Things change….the following morning we are trussed up in our harnesses and hike up a steep valley side to platform #1 to embark on a series of zip lines that zig-zag their way back down to the lodge.  The unique thing here is that you are zipping just metres away from trees and the forest canopy, keeping your eyes open for sloths, toucans and howler monkeys.  The lines are fairly short but thrilling and views from the platforms across the valley suck the breath out of you.  By the last platform I’m converted to zipping as my preferred mode of transport.  Prosecco and canapes on the last platform seal this view and make the final 30 metre rappel down from the tree eminently manageable.

The following morning I discover that the ‘float’ into the lodge in no way resembles the white water that waits for us downstream and this was where our thorough rafting instruction is really tested over 3 hours (punctuated by a riverside picnic lunch) as we negotiate a series of grade 3 and 4 rapids.  The Pacuare River tosses and drenches us as we are sluiced through a procession of stunning gorges. Along a less ‘extreme’ section, I’m allowed to helm the raft for a while until my rafting companions scream at me to let our guide reclaim control (further encouraged by the sighting of an extremely venomous fer de lance snake swimming next to the raft). I still assert that I was deliberately trying to reverse through the rapids but the very experienced guides definitely know how to command our raft and tame the water. White water rafting is addictive and towards the more sedate end of our journey, we are all straining to hear the next ‘rumble’ that announces our approach to a new set of rapids.

Zip-lining and rafting are two of the most iconic experiences on offer but there are a wide range of thrilling activities that will keep the adrenaline flowing and take you into Costa Rica’s pristine interior.  Over the next week, I take aerial trams up volcanoes, hike to waterfalls, swim under waterfalls, take night hikes, stroll along forest canopy walkways, kayak through coastal mangrove forests, ride horses, mountain bike, do canyoning and river tubing (white water rafting but replace the raft with an over-inflated inner-tube that you sit in!).

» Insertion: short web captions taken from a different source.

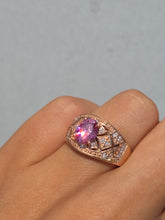 Load image into Gallery viewer, Pink Oval Moissanite &amp; Diamond Ring - 14K Rose Gold
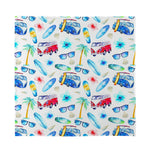 Watercolor Surfing Pattern Print Silk Bandana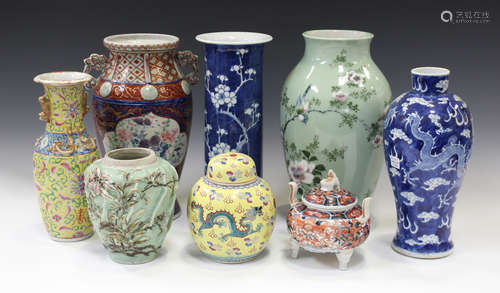 A collection of Oriental porcelain, late 19th century and later, including a Chinese blue and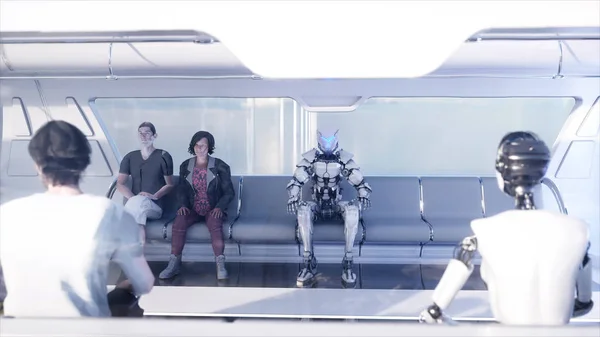人とロボット。未来的なモノレール輸送。未来のコンセプトです。リアル 4 k アニメーション. — ストック写真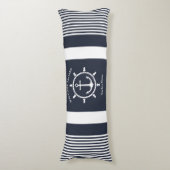 Blau-weiß und blau-weiß gestreift mit Anchor Seitenschläferkissen (Vorderseite Vertikal)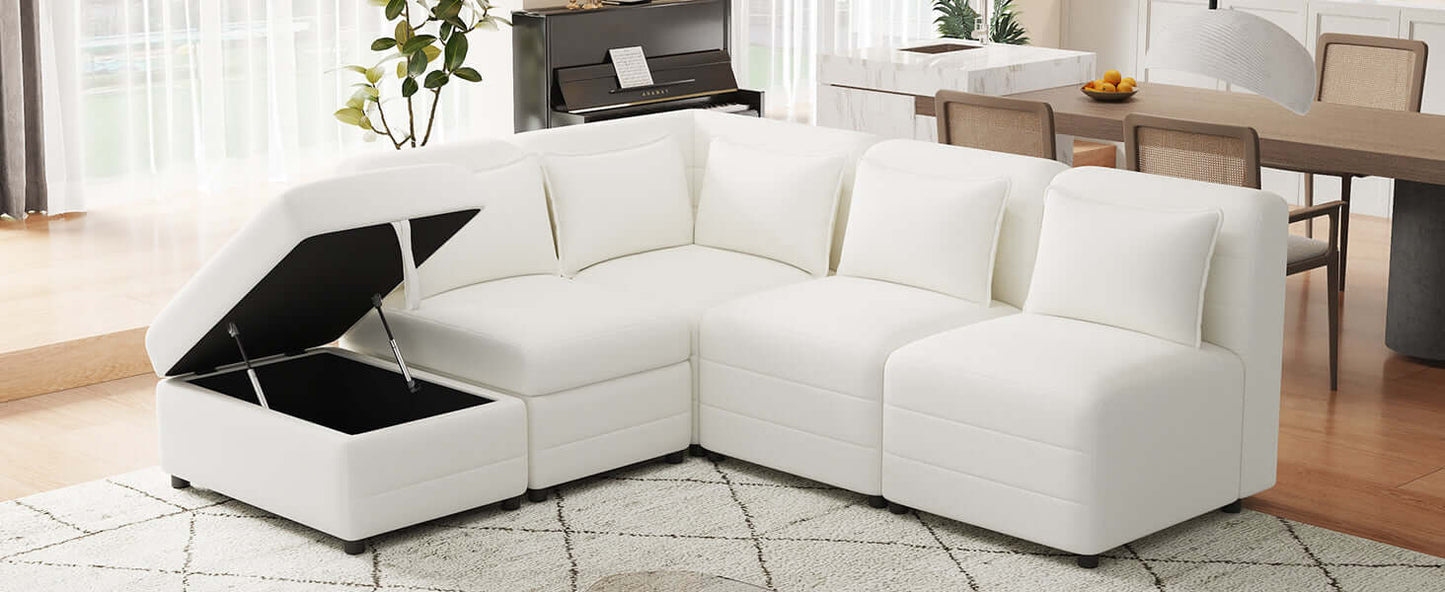 Modular 5pc Sectional Sofa with Storage Ottoman & 5 Throw Pillows - Revel Sofa 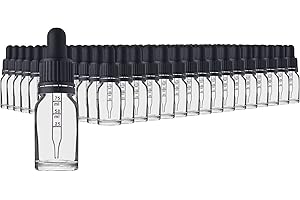 HandsUnity 10ml-192 piezas Frasco de Vidrio Para Pipetas - Juego de Frascos de Farmacia de Vidrio Transparente con Tapa de Pipeta Negra incluye 5pcs Accesorios Auxiliares Frascos Vidrio Claro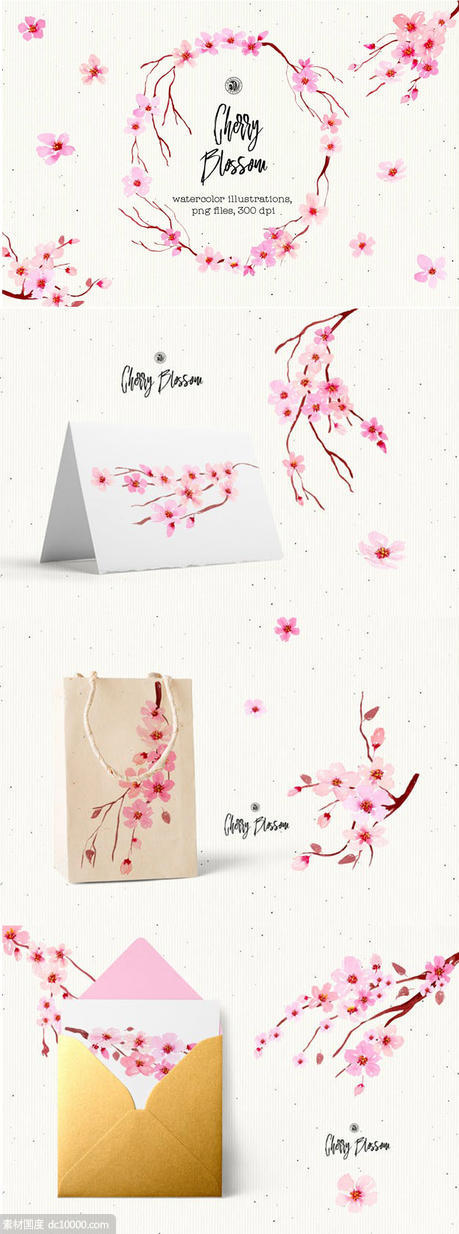 樱花水彩手绘插画设计素材 Cherry Blossom Flowers - 源文件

I finish up at the fabulous Rio Perdido hotel in the north of Costa Rica.  This is a wonderfully remote lodge that specialises in outdoor activities but also offers a series of natural hot springs that feed into thermal pools along a river that cuts through a magical forested gorge. You don’t have to sacrifice comfort to visit some of the more remote wilderness areas of Costa Rica and the thermal pools at Rio Perdido are a great spot to sooth the muscles after a day of action and reflect on the trip.  All of the activities I experienced were remarkably well arranged and very safe.  Costa Rica is a great destination for adventure addicts and active families but why Costa Rica rather than a Centrepark or activity centre in the UK?  Simple – it’s the outstanding scenery witnessed from zip platforms, the baby black howler monkey that watched me from the gorge rim that morning while I was Tarzan-swinging across the river, the laughing falcon that was sat on a post while I was horse riding, the fer de lance snake that swam by our raft, the dolphins that accompanied my boat on Golfo Dulce, the sloth seen along the mountain bike trail, the snakes, frogs, insects and night time smells and noises on a nocturnal forest hike.

And so back to Arenal – I’m nearing the end of a zip line that’s almost a kilometre long, having reached speeds of up to 60 miles per hour.  The huge bulk of Arenal volcano looms behind me, the forest stretches out below me and Lake Arenal is the backdrop to the rapidly approaching platform.  I’ve just witnessed a toucan take a baby snake and as I glide towards the landing platform, I see a coati climbing a tree.  “You made it” shouts the guide. “Pura vida” I whimper.